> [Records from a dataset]
--------------------------------

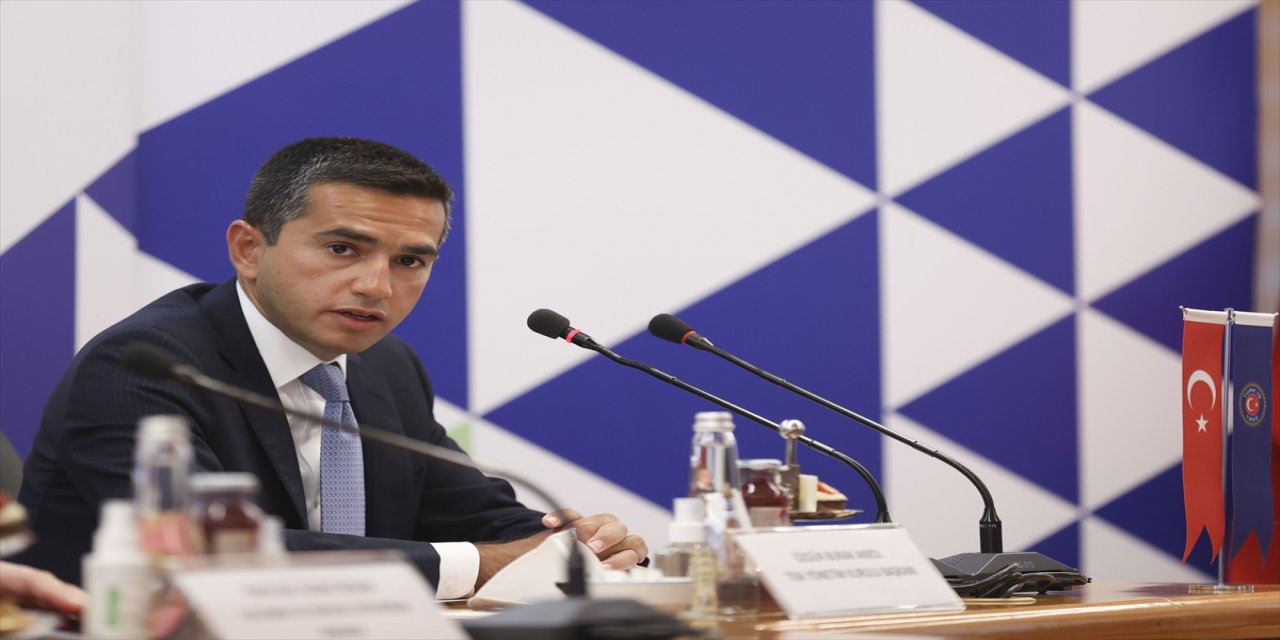 Bakan Bilgin, işçi ve işveren konfederasyonlarının temsilcileriyle bir araya geldi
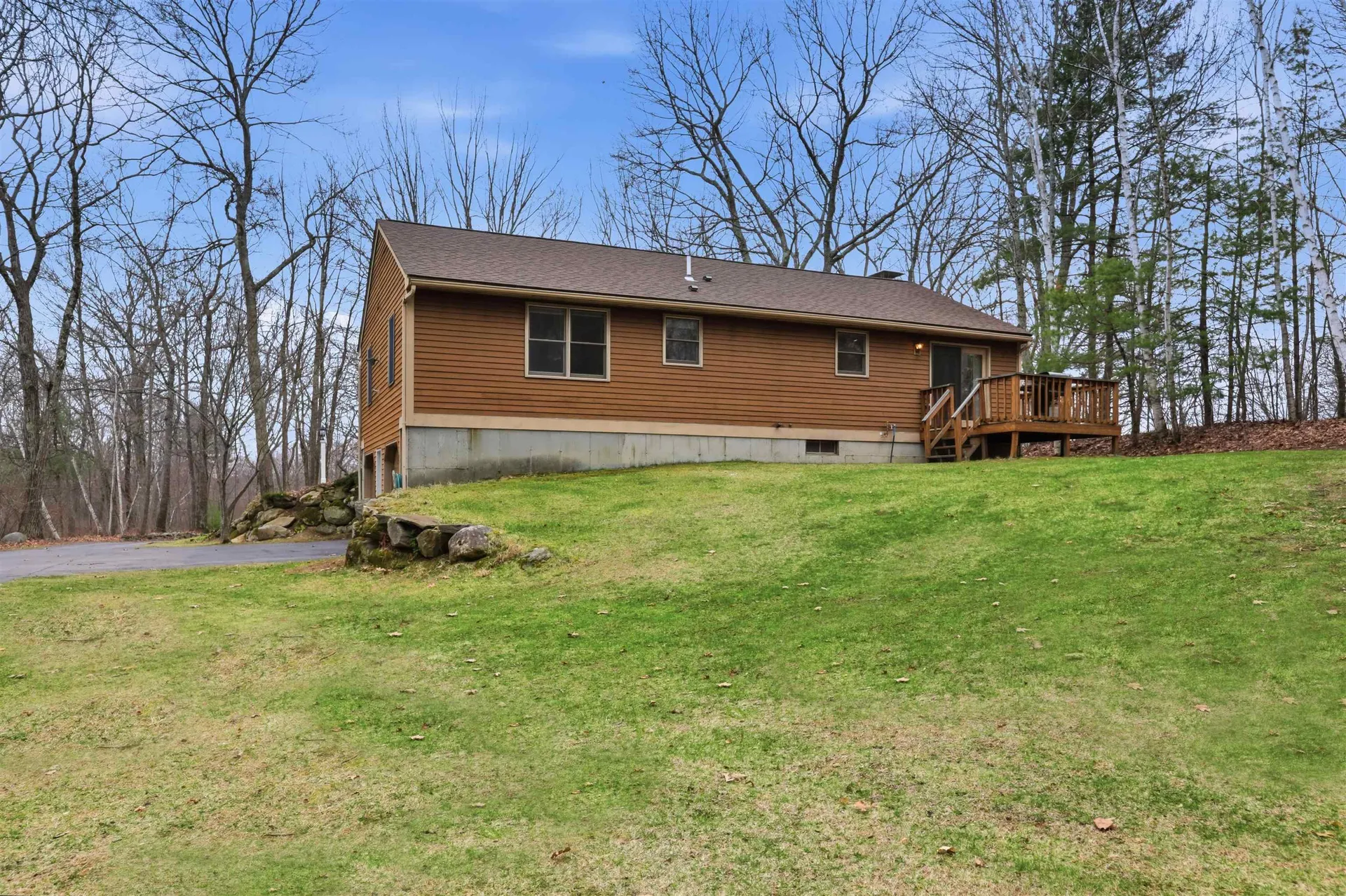 3 Cardinal Circle Londonderry NH 03053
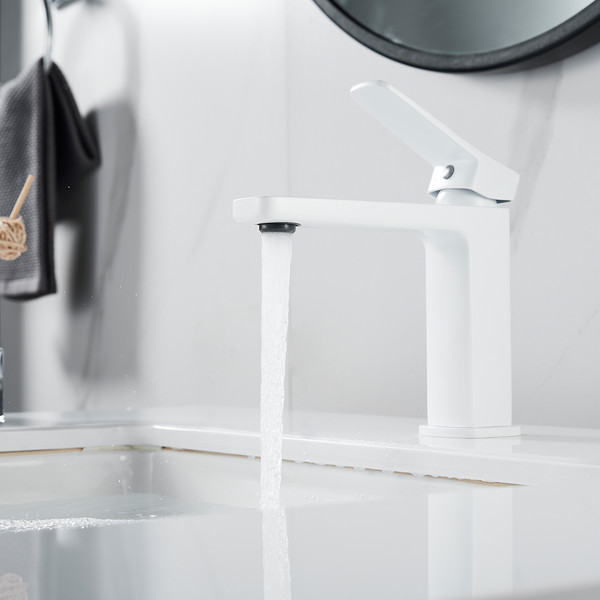 Изображение товара Смеситель Shevanik S9901C (белый)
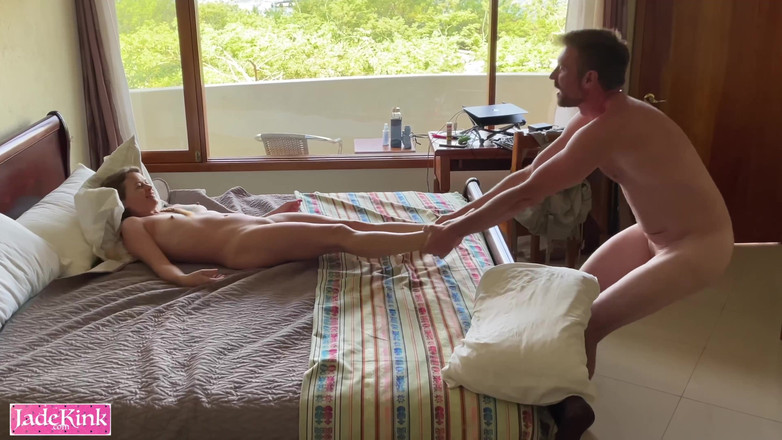Jade Kink: Vášnivý sex v kuchyni a ložnici skutečný pár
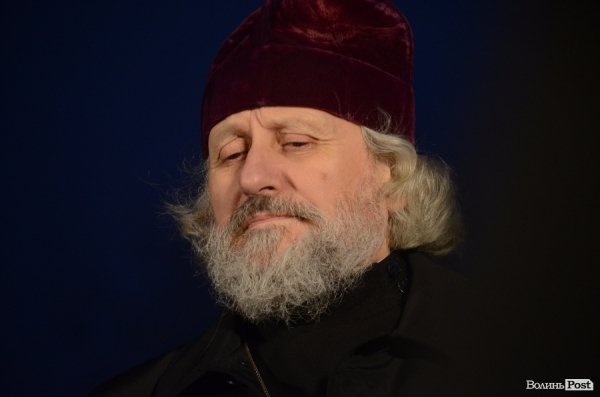 У Луцьку запалили новорічну ялинку. ФОТО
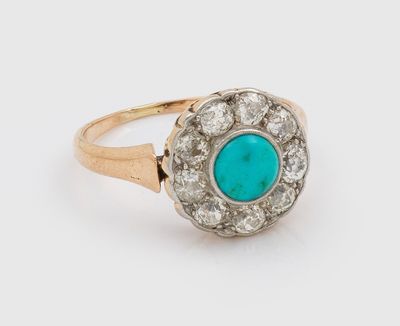 une bague en or sertie d'une turquoise entourée de diamants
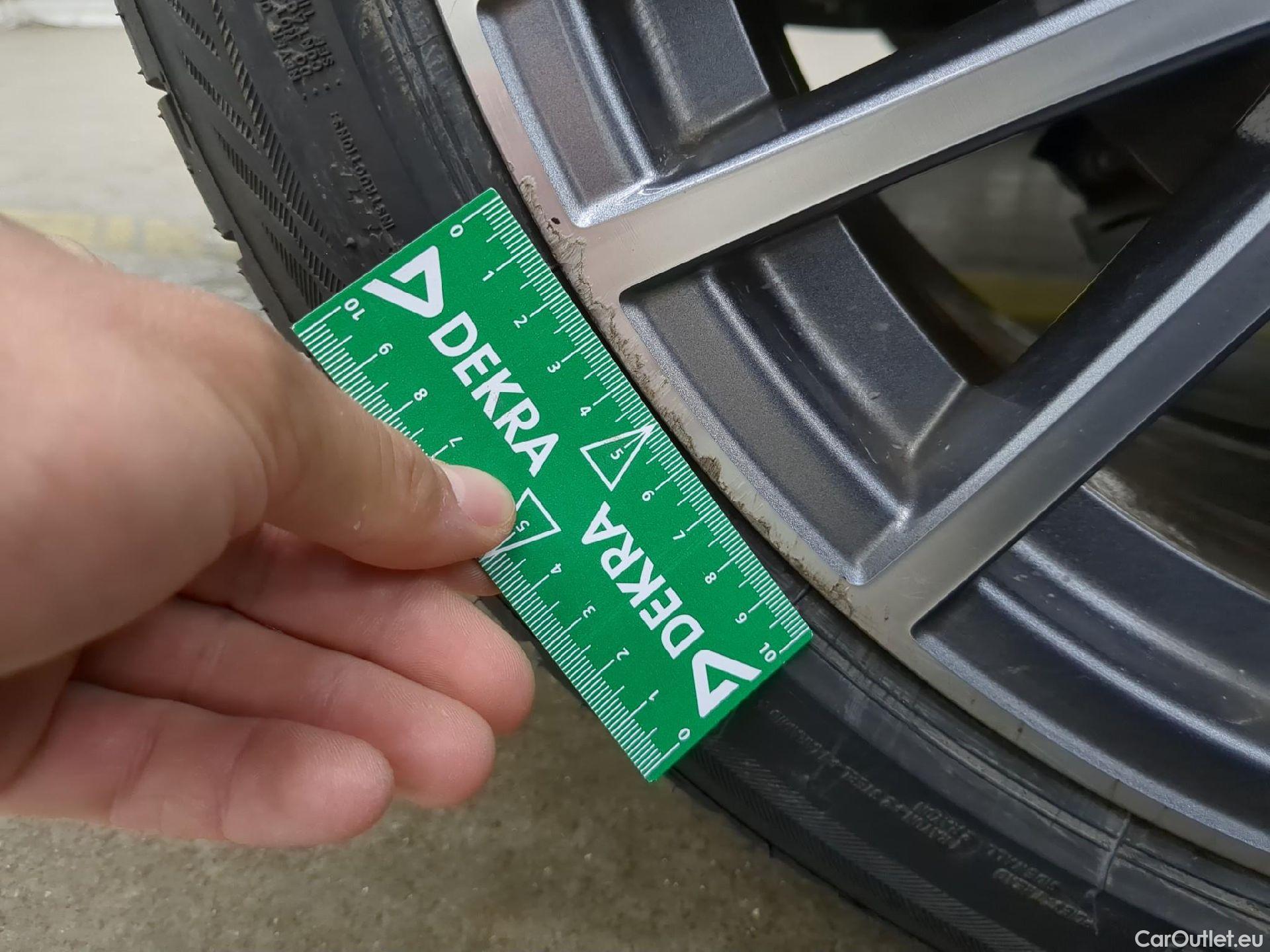  Mercedes  CLA-Klasse MERCEDES-BENZ CLA Coupe / 2019 / 4P / Coupé CLA 250 e Business Line #2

--------------------------------

> [The task]
From the line containing "une bague en" through the last line of the records above, reproduce every line exactly, leaving out the pictures.

> [Exercise answer]
 une bague en or sertie d'une turquoise entourée de diamants
  Mercedes  CLA-Klasse MERCEDES-BENZ CLA Coupe / 2019 / 4P / Coupé CLA 250 e Business Line #2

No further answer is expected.